Going further west from the Riviera Maya, one can find more and more archeological sites, and each is unique in its own way, given the fact they were at their best in different times. Also both of the capitals of their respective states, Merida and Campeche have both a lot to offer.
Merida, the capital of Yucatan state, is a beautiful colonial city, with a walkable centre. Full of nice places to have a drink or meal, little parks that provide shade now and then, and an impressive cathedral which was the first cathedral to be finished on the mainland of the Americas. Be sure to go for a walk on Avenida Paseo Montejo, where the wealthy people had their colonial villas. One of the Casas Gemelas was recently opened as a museum and is worth visiting.

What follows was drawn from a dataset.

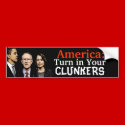 Turn In Your Clunkers bumper stickers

If you are looking for good food, go to Voltacafé for a tasty breakfast (we tried toast with avocado, goat cheese and cherry tomatoes), La Chaya Maya for a traditional Mexican lunch and MUGY (Museo gastronomico de Yucatan) for a local dinner and nicely done exhibition about spices and how do they use them, reservation recommended. And if you want a change from the Mexican food, go to the German La Bierhaus, complete with draft beer, which is quite rare in Mexico.
The biggest complex of Mayan ruins near Merida is the Uxmal. It has several very well preserved pyramids with beautiful decorations and one of them has the jaguar head as the entrance to its upper part, still very well visible. Other complexes on the Puuc route were closed during the time of our visit.
Another beautiful site is Edzná, closer to Campeche. It is a medium sized complex with a very well preserved main pyramid, unfortunately not possible to climb, but still impressive to look at. At the rear of the complex, there is a structure with astonishingly preserved sculptures of the God of Sun, representing the sunrise and sunset, with colours still visible.
San Francisco de Campeche, or simply Campeche, as everyone calls it, sits by the Mexican Gulf, and has a beautiful city centre still enclosed in city walls. These used to extend even into the sea. Now, a part of them is walkable and so one can see the city from above. Get lost in the streets full of one-storey colourful houses and an occasional bar with an inner courtyard, where locals gather to spend some nice lively evening. There is also a cathedral on the main square, looking particularly beautiful at night, and a calm promenade alongside the sea. A Mayan history museum about the could be found a bit south from the city, showcasing objects found in various archaeological sites, with a very interesting yet short description. We also learned quite a lot about the Mayas, as we didn’t know almost anything about their way of life, customs or science.